Während des Zweiten Weltkrieges lässt sich die Idee des Intermarium in der Politik der polnischen Exilregierung wiederfinden. Hier versuchte Ministerpräsident General Władysław Sikorski, eine polnisch-tschechoslowakische Konföderation aufzubauen. Die Absicht war, das Projekt nach dem von den Alliierten gewonnenen Krieg zu realisieren. Das Konzept verfiel 1942 infolge der gegensätzlichen Vorstellungen über die zukünftige Grenzlinie zwischen Polen und der Tschechoslowakei sowie – was noch wesentlicher war – infolge der unterschiedlichen Haltung gegenüber der Sowjetunion.

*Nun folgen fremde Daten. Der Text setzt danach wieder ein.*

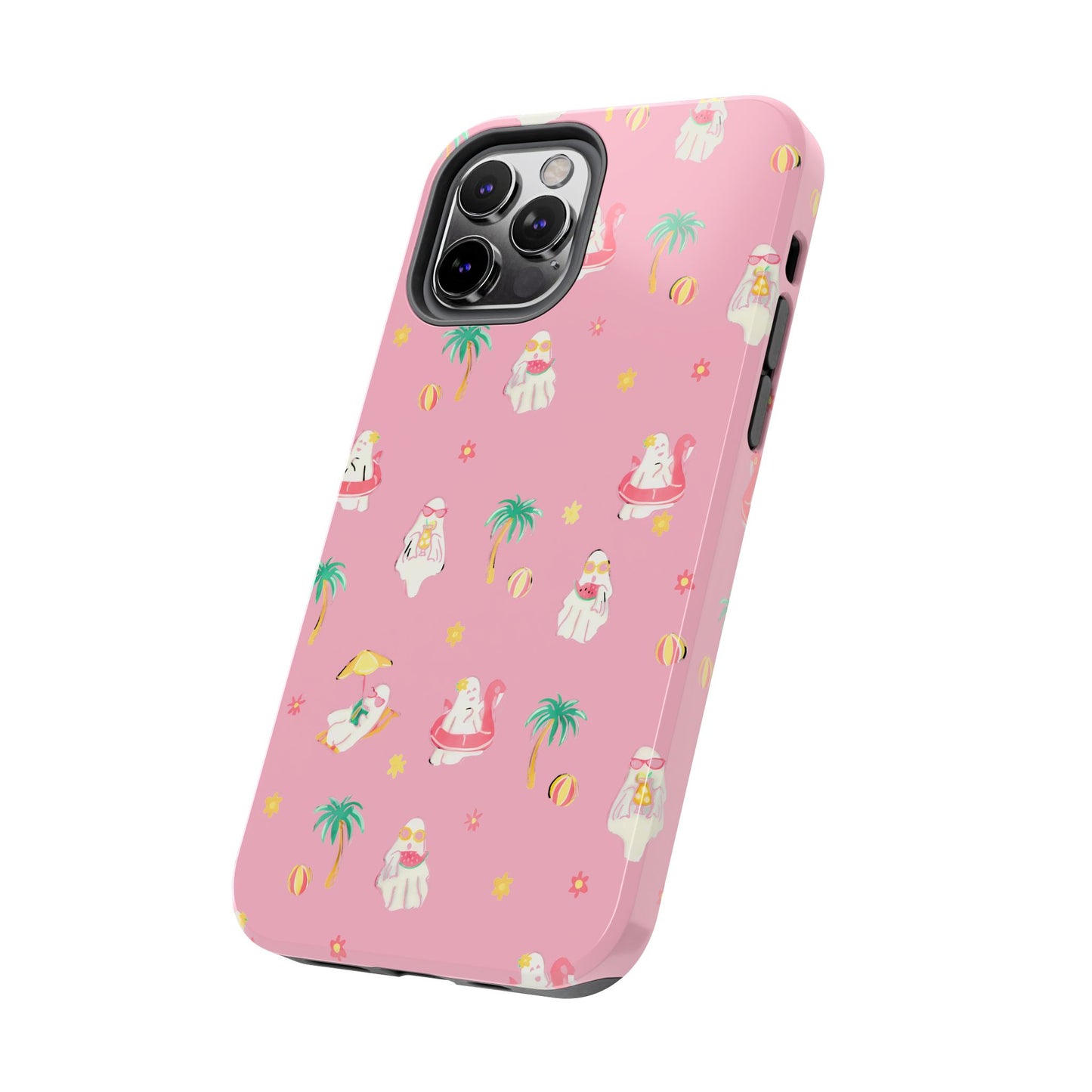 Pink Summerween Phone Cases with Ghosties - Fun Vacation Accessories, Cute Gift for Beach Lovers, Phone Covers, Summer Essentials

Nach dem Zweiten Weltkrieg befand sich ganz Ostmitteleuropa in der Einflusszone der Sowjetunion. Dies machte es jenen Staaten unmöglich, eine eigenständige Außenpolitik zu betreiben. Das Intermarium-Konzept geriet auf ein totes Gleis der offiziellen polnischen Politik. Weiter entwickelt wurde es von polnischen Intellektuellen in der Emigration wie Jerzy Giedroyc (Paris) und Juliusz Mieroszewski (London) sowie in der Volksrepublik von oppositionellen Gruppierungen im Untergrund, die für die Unabhängigkeit Polens eintraten, insbesondere von der Konföderation für ein Unabhängiges Polen (Konfederacja Polski Niepodległej – KPN). Nach dem Zusammenbruch des kommunistischen Systems 1989 verbreitete die KPN mit ihrem Parteichef Leszek Moczulski das Intermarium-Konzept weiter, das als ein Schritt Polens auf dem Weg in die Europäische Union verstanden wurde. Die Idee der KPN war, dass das Intermarium-Konzept für die Staaten zwischen der Ostsee und dem Schwarzen Meer ein wirksamer Schutz vor der kulturellen Expansion Deutschlands und der territorialen Expansion Russlands sei. Außerdem sollte es eine Möglichkeit sein, die Wirtschaft der ostmitteleuropäischen Staaten vor dem Beitritt zur Europäischen Union zu koordinieren. Nach Moczulskis Einschätzungen waren die Staaten zu schwach, um dem wirtschaftlichen Druck Westeuropas standzuhalten, und würden sich ohne vorangehende Stärkung und Vereinigung den westeuropäischen Forderungen unterordnen müssen. In den 1990er Jahren führte die KPN einige Konferenzen mit Parteien aus den ostmitteleuropäischen Staaten durch, die mit dem Intermarium-Konzept sympathisierten, allerdings erloschen die Bemühungen der KPN in der zweiten Hälfte der 1990er Jahre endgültig, da sie auf der politischen Bühne Polens an Bedeutung verlor.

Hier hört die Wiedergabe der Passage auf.